AUBURN, Ind. – A Kansas bank has asked a judge to hold auto auctioneer Dean Kruse in contempt of court, alleging he violated terms of a loan on which he still owes $6.5 million.

Hillcrest Bank of Overland Park, Kan., says Kruse did not own three Nazi command vehicles when he used them as collateral for the loan, which is now in default.

The lawsuit, which is scheduled for a hearing Monday in DeKalb County, caps a trouble-filled year for Kruse and Kruse International. After months of complaints, the Auburn-based auction house now has the lowest possible Better Business Bureau rating.

A message seeking comment on the suit was left Thursday with Kruse’s Auburn office.

The auctioneer told The Journal Gazette in Fort Wayne in August that the recession has hurt his sales and caused him to fall behind on some payments.

The pending challenges facing Kruse and his companies include a federal judge’s move last month to order the seizure of Kruse’s 1985 Cessna jet after Kruse defaulted on the loan.

And in June, Kruse, whose primary residence is in Auburn, lost to foreclosure a Phoenix home on which he owed nearly $3.2 million, according to documents filed with the Maricopa County, Ariz., recorder’s office.

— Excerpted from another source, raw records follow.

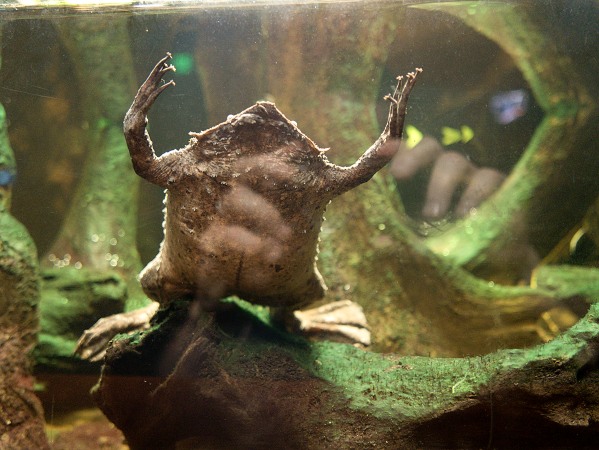 Weird frog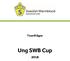 Teorifrågor. Ung SWB Cup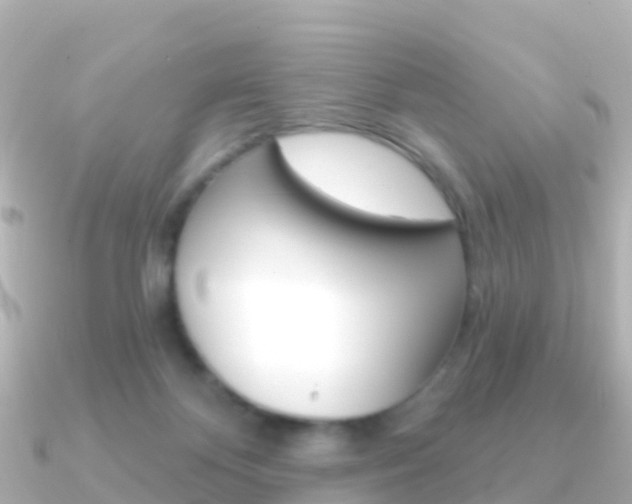 X0000091350124200708101044
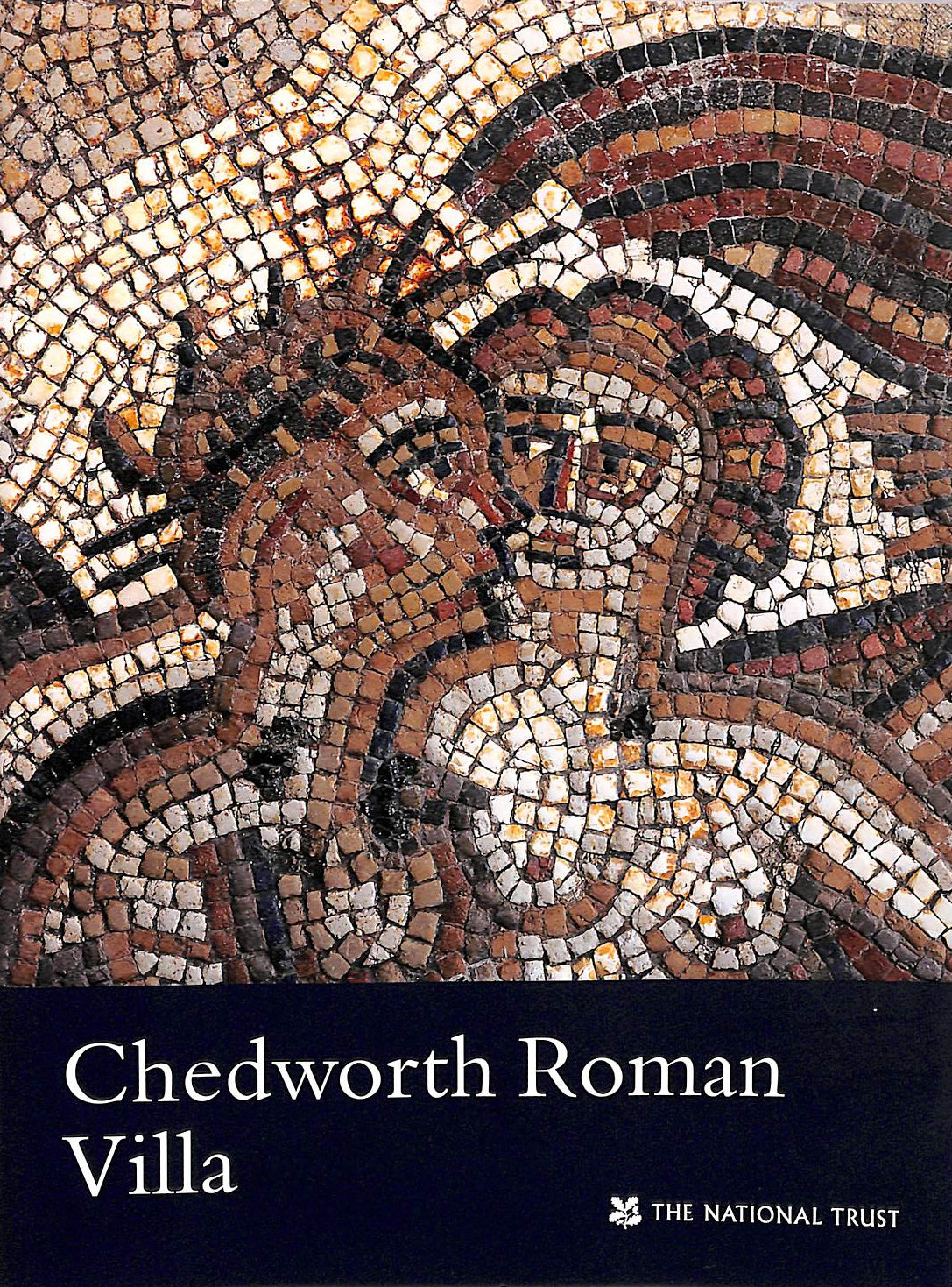 Chedworth Roman Villa (National Trust Guidebooks)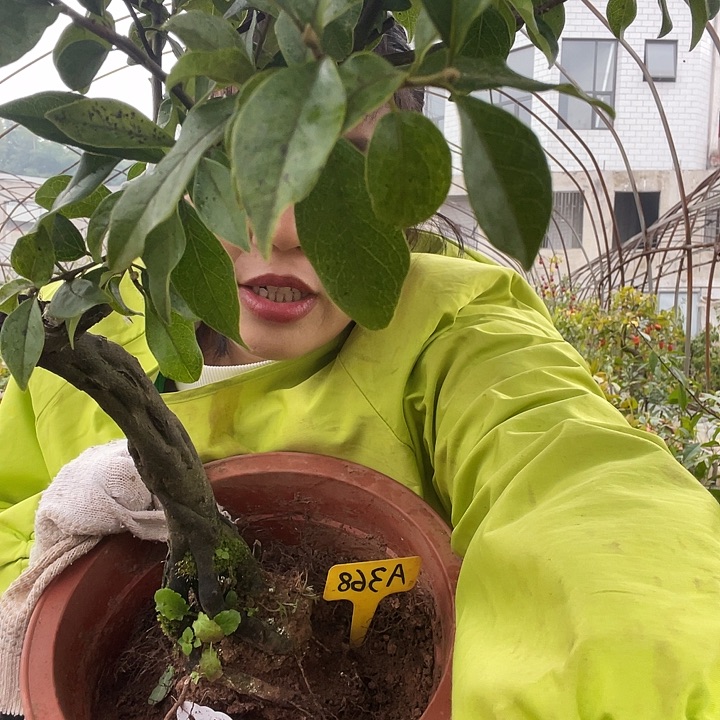 处***阁无花朵金8888888888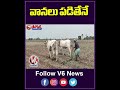 వానలు పడితేనే | Agricultural Works Started | V6 News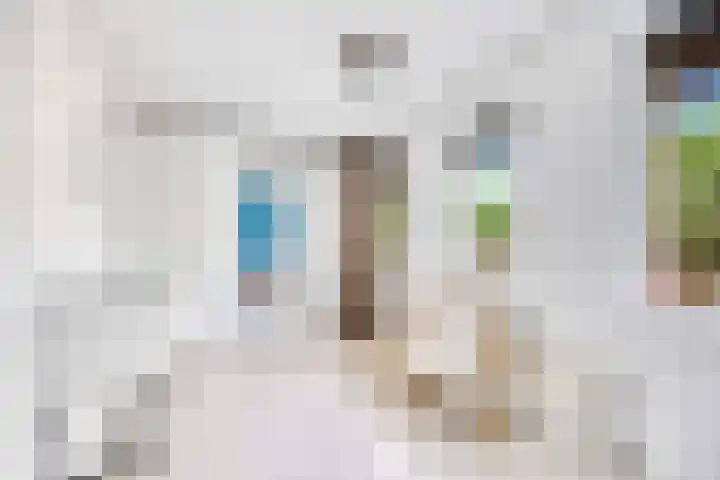 Smientstraat 48 Den Haag thumbnail 26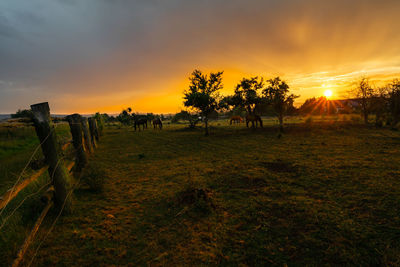 Trees on field against sky during sunset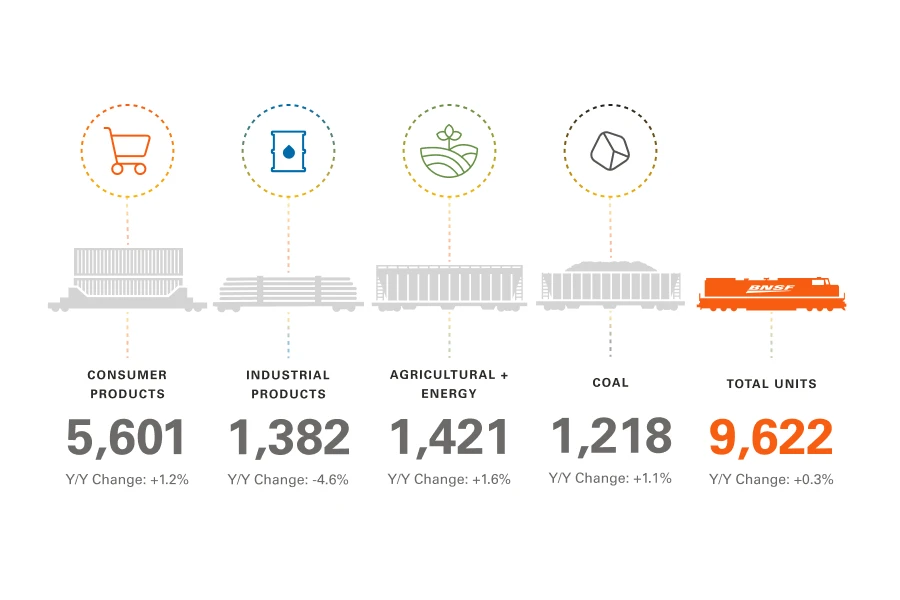 _what we carried_ Infographic template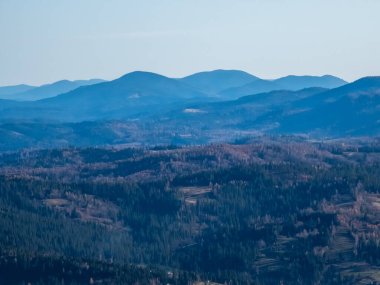 Karpat Dağları 'ndaki güzel dağ manzarası, Ukrayna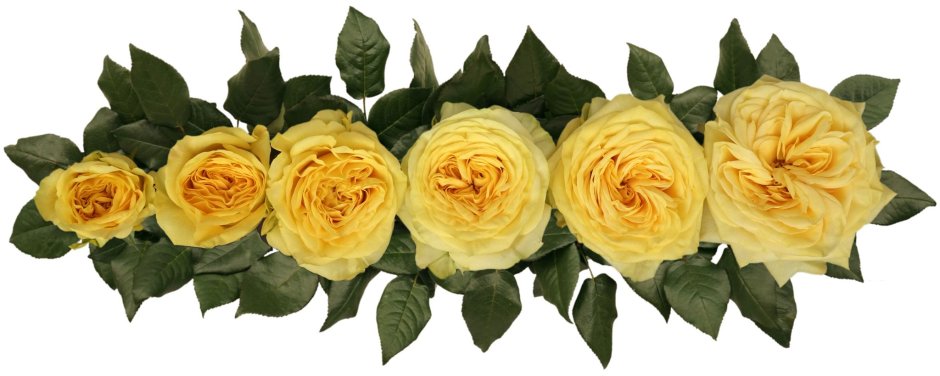 Малиновые пионовидные розы
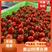 【精品】山东平度釜山88圣女果大量上市新鲜采摘量大从优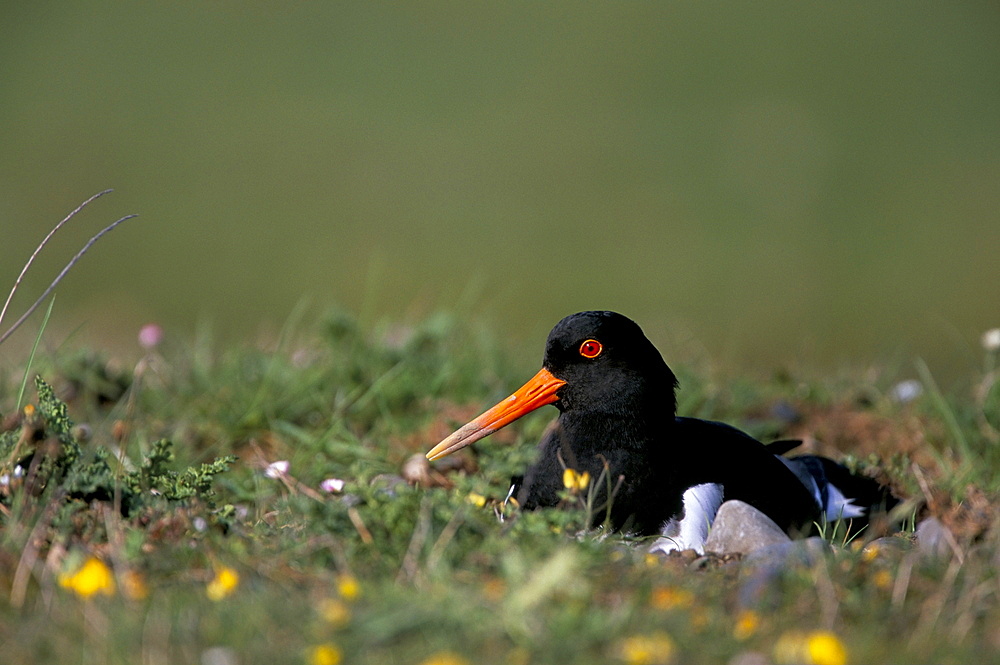 Oystercatcher (Haematopus ostralegus) on nest, South Walney Reserve, Cumbria, England, United Kingdom, Europe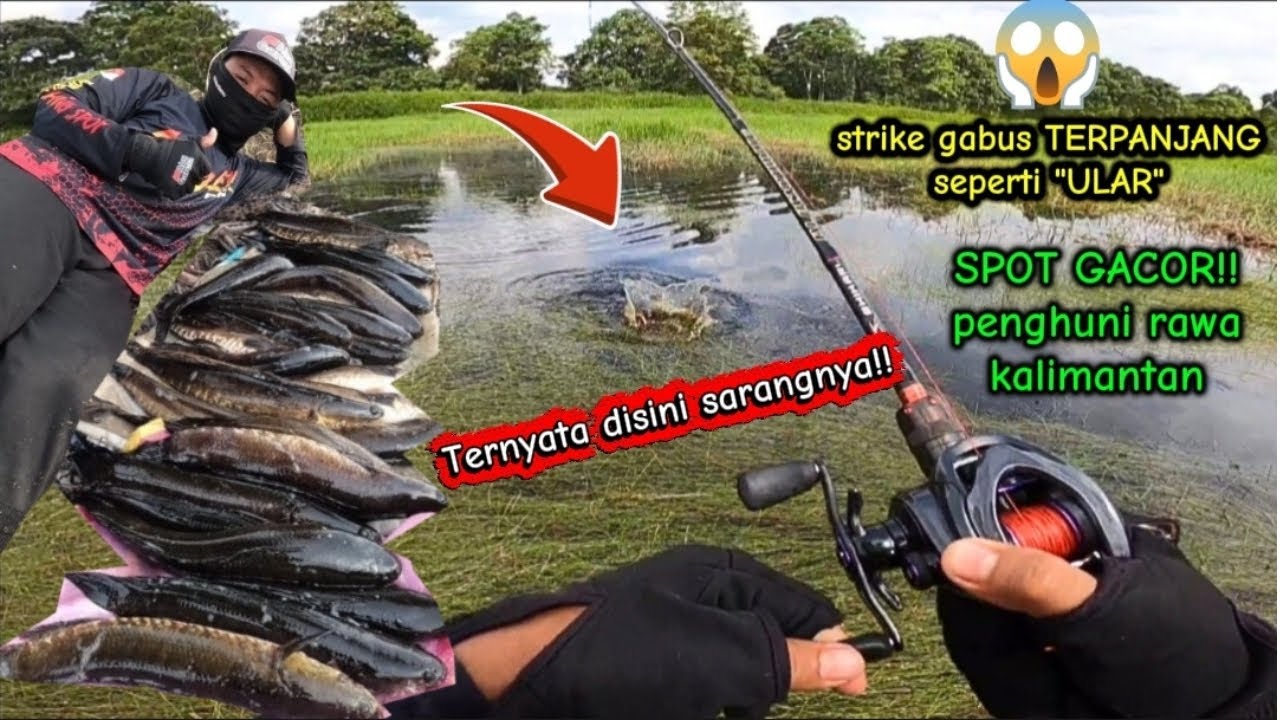 TERNYATA DISINI SARANGNYA‼️ Strike gabus babon TERPANJANG || SPOT KALIMANTAN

Kruse International also owes more than $52,000 in back taxes to the state of Arizona and nearly $37,000 to the city of Phoenix, according to documents from that state and city.

Arizona officials have also suspended Kruse’s license to operate in that state, where the company has held auctions for more than 30 years, following complaints from sellers.

Hillcrest Bank’s lawsuit was filed in August against Kruse, his wife, his auction company and several limited-liability companies he owns. It claims he defaulted on a 2007 loan originally for $13.6 million.

In addition to the Nazi command cars — three 1939 Mercedes-Benzes that Kruse failed to sell during a Labor Day auction — that loan’s collateral includes American Heritage Village, a site adjoining Kruse Auction Park that Kruse has hoped for years to develop.

Hillcrest asked last month that Kruse be held in contempt because an Arizona man, Tim Hurst, claims in an Internet advertisement that he owns the three Nazi command vehicles.

Kruse has argued in court documents that he still owns the vehicles.

Hurst’s attorney, E.J. Peskind, told The Journal Gazette that Hurst received a bill of sale for the vehicles in 2006 before the date when Kruse took out the loan from Hillcrest Bank in exchange for property in Arizona.